Copy the data exactly from the line that contains "44x Christmas Balls" through the line that contains "Xiaomi’s new Pad", keeping both end lines and leaving out everything else.

== THE DATA

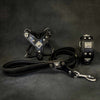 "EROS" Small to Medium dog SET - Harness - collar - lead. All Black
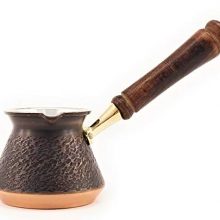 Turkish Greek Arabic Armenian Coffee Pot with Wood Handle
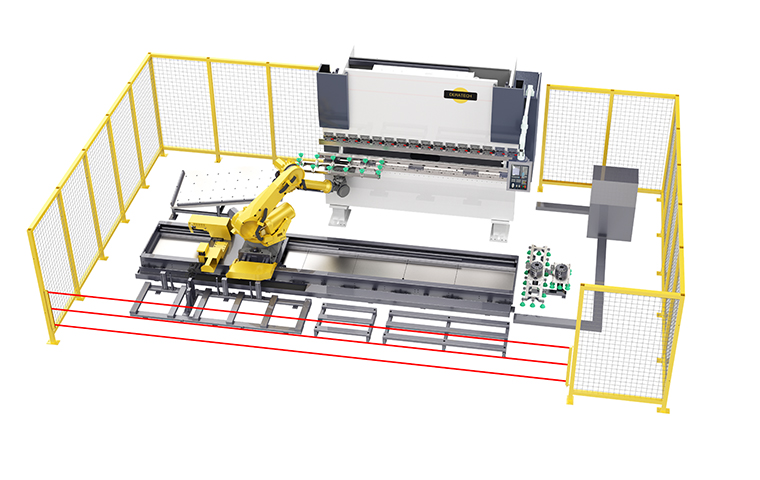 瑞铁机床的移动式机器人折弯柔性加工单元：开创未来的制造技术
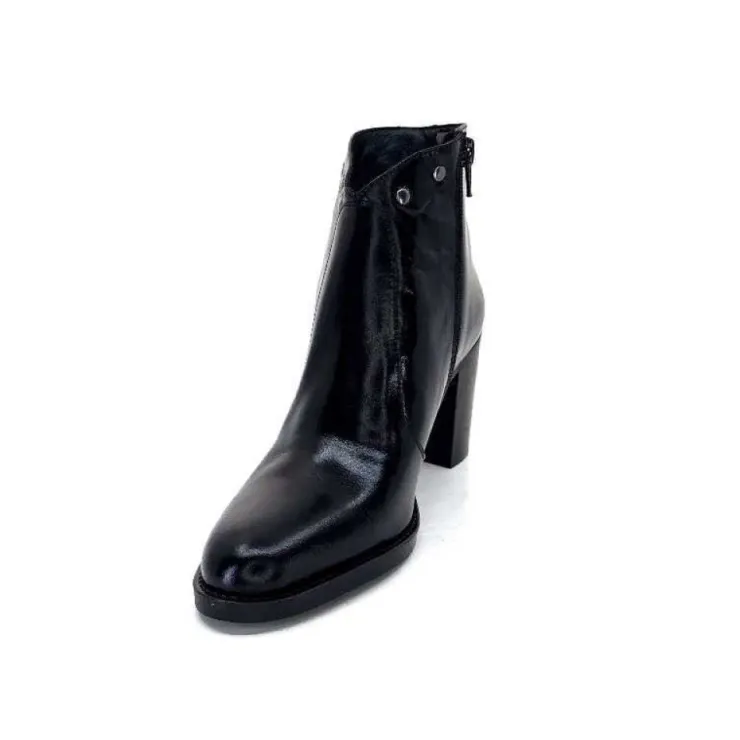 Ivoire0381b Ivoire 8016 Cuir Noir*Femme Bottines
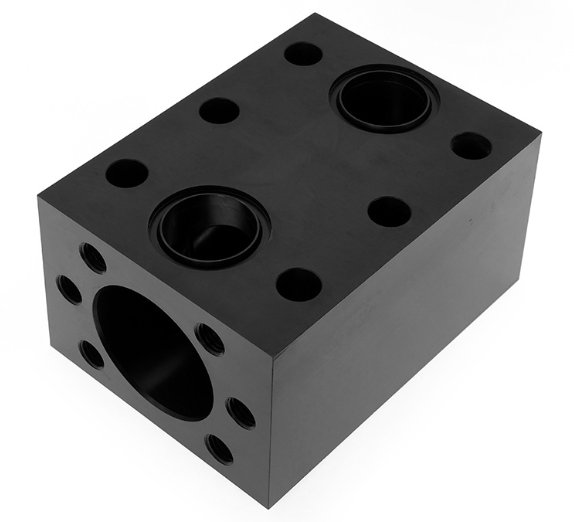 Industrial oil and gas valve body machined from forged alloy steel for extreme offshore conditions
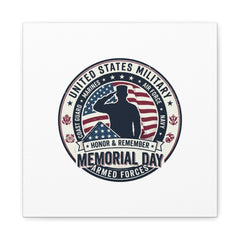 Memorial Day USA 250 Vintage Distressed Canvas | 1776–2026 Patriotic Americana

====
== THE DATA

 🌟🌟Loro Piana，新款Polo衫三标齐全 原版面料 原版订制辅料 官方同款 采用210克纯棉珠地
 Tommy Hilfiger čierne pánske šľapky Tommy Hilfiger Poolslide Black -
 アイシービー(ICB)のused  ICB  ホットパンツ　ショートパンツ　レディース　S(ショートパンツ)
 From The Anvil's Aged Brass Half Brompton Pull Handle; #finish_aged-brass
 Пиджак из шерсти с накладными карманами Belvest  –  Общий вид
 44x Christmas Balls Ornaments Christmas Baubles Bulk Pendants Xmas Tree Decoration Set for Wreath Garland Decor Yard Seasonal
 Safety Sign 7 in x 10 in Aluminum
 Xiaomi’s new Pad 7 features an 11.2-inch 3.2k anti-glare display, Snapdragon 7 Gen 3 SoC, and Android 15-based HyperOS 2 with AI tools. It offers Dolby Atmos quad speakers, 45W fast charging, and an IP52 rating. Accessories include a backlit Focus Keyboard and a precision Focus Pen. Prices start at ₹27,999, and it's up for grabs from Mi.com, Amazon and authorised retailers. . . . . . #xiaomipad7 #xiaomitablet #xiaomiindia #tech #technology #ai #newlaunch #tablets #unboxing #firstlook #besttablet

====
== THE DATA

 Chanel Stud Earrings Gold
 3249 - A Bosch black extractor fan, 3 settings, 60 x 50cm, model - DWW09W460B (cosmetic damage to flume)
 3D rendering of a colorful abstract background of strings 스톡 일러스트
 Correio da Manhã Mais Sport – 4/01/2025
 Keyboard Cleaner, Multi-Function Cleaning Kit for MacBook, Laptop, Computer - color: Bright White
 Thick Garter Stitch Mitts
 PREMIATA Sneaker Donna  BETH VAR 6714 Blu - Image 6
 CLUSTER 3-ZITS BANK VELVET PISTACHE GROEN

====

## [RESPONSE FOR THIS EXERCISE]
 44x Christmas Balls Ornaments Christmas Baubles Bulk Pendants Xmas Tree Decoration Set for Wreath Garland Decor Yard Seasonal
 Safety Sign 7 in x 10 in Aluminum
 Xiaomi’s new Pad 7 features an 11.2-inch 3.2k anti-glare display, Snapdragon 7 Gen 3 SoC, and Android 15-based HyperOS 2 with AI tools. It offers Dolby Atmos quad speakers, 45W fast charging, and an IP52 rating. Accessories include a backlit Focus Keyboard and a precision Focus Pen. Prices start at ₹27,999, and it's up for grabs from Mi.com, Amazon and authorised retailers. . . . . . #xiaomipad7 #xiaomitablet #xiaomiindia #tech #technology #ai #newlaunch #tablets #unboxing #firstlook #besttablet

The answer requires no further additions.